The changes apply to the North Island and the west coast of the South Island, in the Auckland East and Auckland West, Central and Challenger recreational fishing areas.
“Hāpuku is a highly-valued fish for recreational, customary, and commercial fishers alike,” the minister said. “These changes follow significant cuts to commercial catch allowances and will further support the sustainability of these fish.
“There are fishing spots around the country that unofficially or officially bear the same name – Groper Rock, or Hāpuku River – because they were once common there.
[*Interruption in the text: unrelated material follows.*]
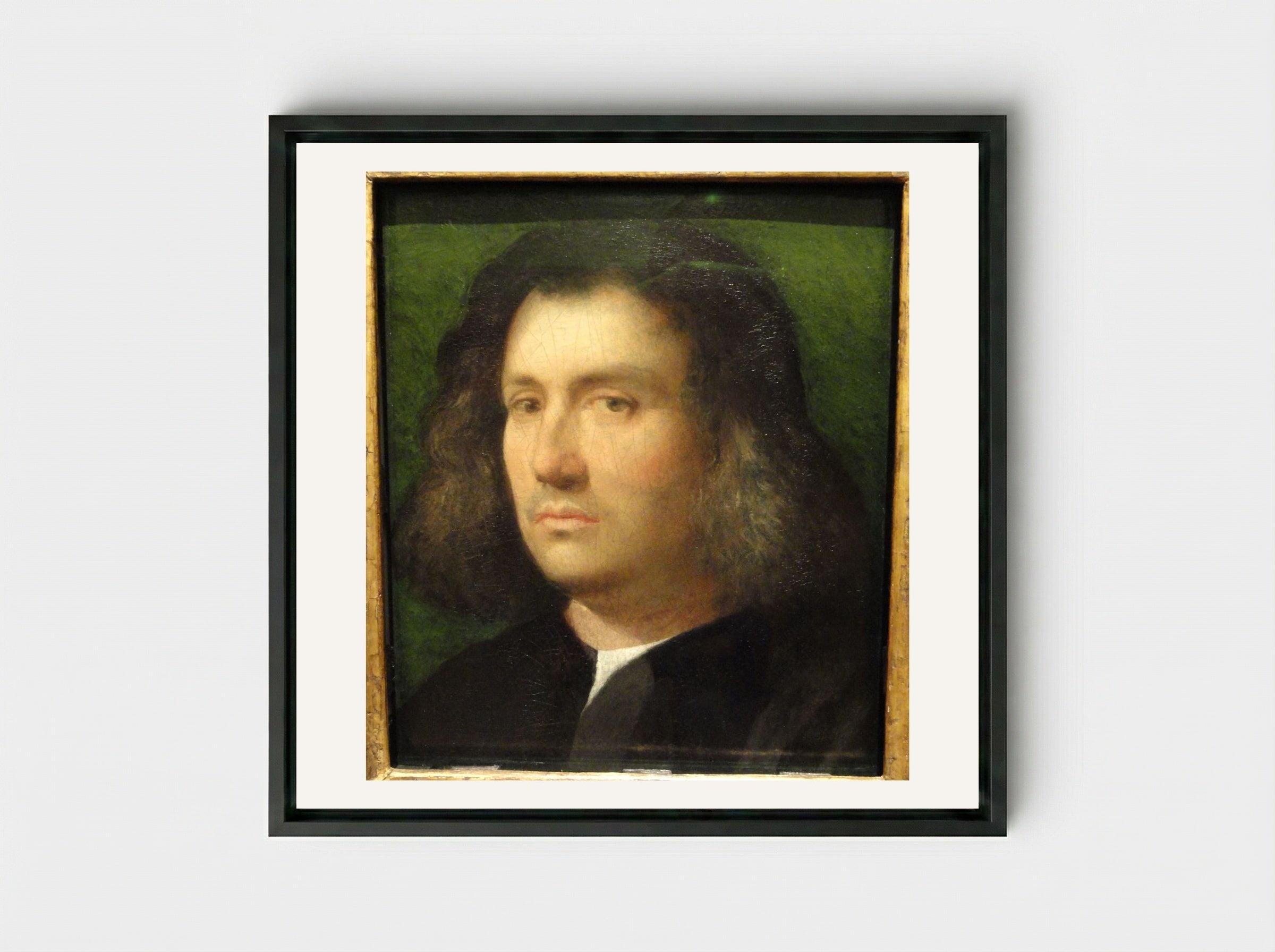 Portrait of a Man (Terris Portrait) - Giorgione - Framed Canvas Black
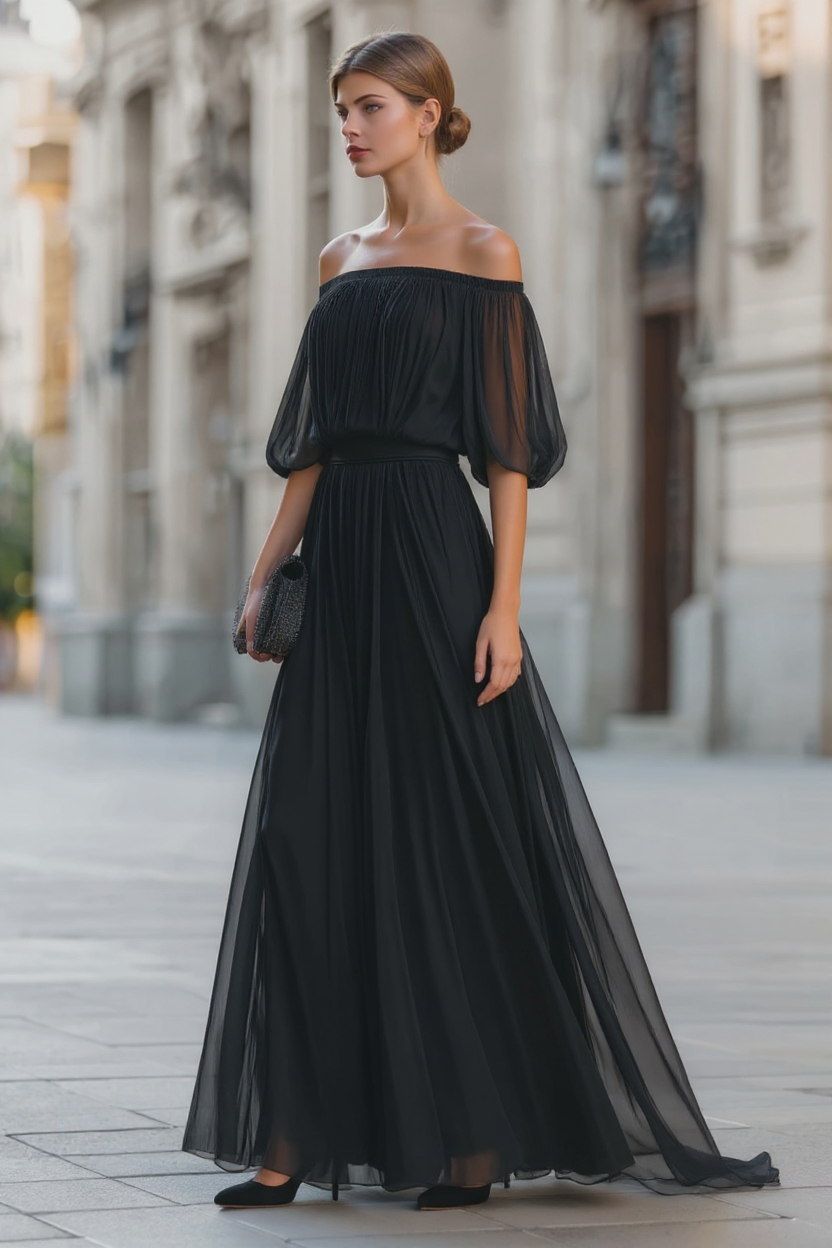 Elegant Off-Shoulder Black Pleated Dress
Sadly, it’s very unlikely people will
be able to find hāpuku in those places now.”
The minister added that feedback from fishers across the North Island and upper South Island signalled widespread concern for hāpuku and bass fisheries in these areas.
“Information from commercial catch reporting has also shown a downward trend in these fish in those areas, supporting those concerns.”
The new changes include:
- Recreationally caught hāpuku and bass will no longer have a combined daily bag limit with kingfish of five in these areas
- Recreational daily limit of two hāpuku and/or bass per person per day
- A new accumulation limit (for a multi-day fishing trip) of a maximum of three hāpuku and/or bass
- Kingfish will continue to have a daily limit of three kingfish per person per day.
Public consultation on the changes was part of Fisheries New Zealand’s regular reviews in October 2021 and April 2022. From the October 2021 review of northern hāpuku and bass stocks, commercial catch allowances decreased from 480.8 tonnes to 140 tonnes in Northland, Auckland, and Bay of Plenty and 266.2 to 80 tonnes in East Cape, Hawke’s Bay, and Wellington.
Following the April 2022 review, commercial catch allowances decreased from 235.5 to 97 tonnes in West Coast South Island and from 80.1 to 55 tonnes in Taranaki.